Transfers Using Liquid Sculpey

Posted in Art, Thoughts on April 5, 2008 by b*

I took my first stab at this. The results were…interesting. Not great, but not all that bad.

Since I have an inkjet printer, I used a variation of the T shirt transfer paper method. I had a photocopy from a catalog, of a painting. Scaled it to fit the lid of a cheapie wooden box from Michael’s–about 9×7 inches. For a first effort, that was a bit large. By the time I managed to paint the entire image with the Liquid, the ink on the transfer paper was already beginning to go into solution. Learned that the hard way when I scraped a 1/2 inch long bit off the edge with the chopstick I was using to hold it in place. That was all right, since the over all effect was going to be on the rough side.

I skipped the heat gun and baked the whole thing in the oven, on a cheap cookie sheet. A little soaking, and the paper came right off.

Next time: I will make sure my Sculpy is thinner before I begin. I’ll brush it on instead of pouring it and then trying to smooth it out. And it would be better to work by sections. Leave a “handle” when cutting out the image. Maybe practice with a smaller image a couple of times before anything I want to look really nice.


  • Heat Gun Method:

  • Spread a thin, even coat of Translucent Liquid Sculpey on the surface of your toner transfer image. The uncured clay will appear milky white and shiny.
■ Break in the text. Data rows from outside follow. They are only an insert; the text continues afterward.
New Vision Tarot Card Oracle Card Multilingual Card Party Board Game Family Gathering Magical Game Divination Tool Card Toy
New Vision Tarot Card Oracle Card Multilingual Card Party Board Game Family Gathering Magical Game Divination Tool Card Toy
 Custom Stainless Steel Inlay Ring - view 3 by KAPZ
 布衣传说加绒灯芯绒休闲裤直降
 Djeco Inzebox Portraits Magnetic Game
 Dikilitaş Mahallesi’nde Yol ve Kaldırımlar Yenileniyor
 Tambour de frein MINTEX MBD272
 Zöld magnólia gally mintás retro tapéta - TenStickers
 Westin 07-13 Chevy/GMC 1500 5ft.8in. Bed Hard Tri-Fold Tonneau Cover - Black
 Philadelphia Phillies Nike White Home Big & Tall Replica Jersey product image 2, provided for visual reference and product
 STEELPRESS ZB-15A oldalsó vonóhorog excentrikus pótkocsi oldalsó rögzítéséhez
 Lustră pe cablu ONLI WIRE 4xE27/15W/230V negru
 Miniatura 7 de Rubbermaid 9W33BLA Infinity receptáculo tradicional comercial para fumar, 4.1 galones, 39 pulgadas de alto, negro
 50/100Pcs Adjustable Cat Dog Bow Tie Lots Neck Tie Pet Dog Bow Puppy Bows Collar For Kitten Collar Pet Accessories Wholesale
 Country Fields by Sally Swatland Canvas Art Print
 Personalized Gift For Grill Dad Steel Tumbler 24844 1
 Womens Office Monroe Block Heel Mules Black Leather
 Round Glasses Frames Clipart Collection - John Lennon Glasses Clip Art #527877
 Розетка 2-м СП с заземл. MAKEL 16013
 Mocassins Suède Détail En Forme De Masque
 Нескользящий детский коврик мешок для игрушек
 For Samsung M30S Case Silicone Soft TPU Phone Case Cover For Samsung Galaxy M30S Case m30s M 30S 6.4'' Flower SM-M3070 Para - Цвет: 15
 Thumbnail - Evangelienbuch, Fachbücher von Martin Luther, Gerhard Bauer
  • Use your heat gun to carefully set the clay. Move the tip of the heat gun evenly over the surface of the clay so it does not burn in spots.

  • The clay will become translucent and matte when it cures.

  • With a clay blade or your fingernail, peel the clay away from the paper while the clay is still warm. You will now have a paper thin transfer.

  • If you use the side of the clay that lifted the image off of the paper, your image will be reversed. It is a good idea to bake the transfer on a flat tray (if you are not applying it to clay that will be baked again) for 10 minutes to make sure the liquid clay is completely cured.
Color Transfers with Fabric Transfer Paper
Color images printed from your computer inkjet printer onto fabric transfer paper can be easily made into thin liquid clay transfers. Once you have printed the image onto the fabric transfer paper (used for transferring images onto t-shirts and fabric), just follow the directions for the heat gun transfer method. Once the Liquid Sculpey is cured, the clay will peel easily from the paper. This way, you can quickly turn your own digital color images into paper-thin clay transfers.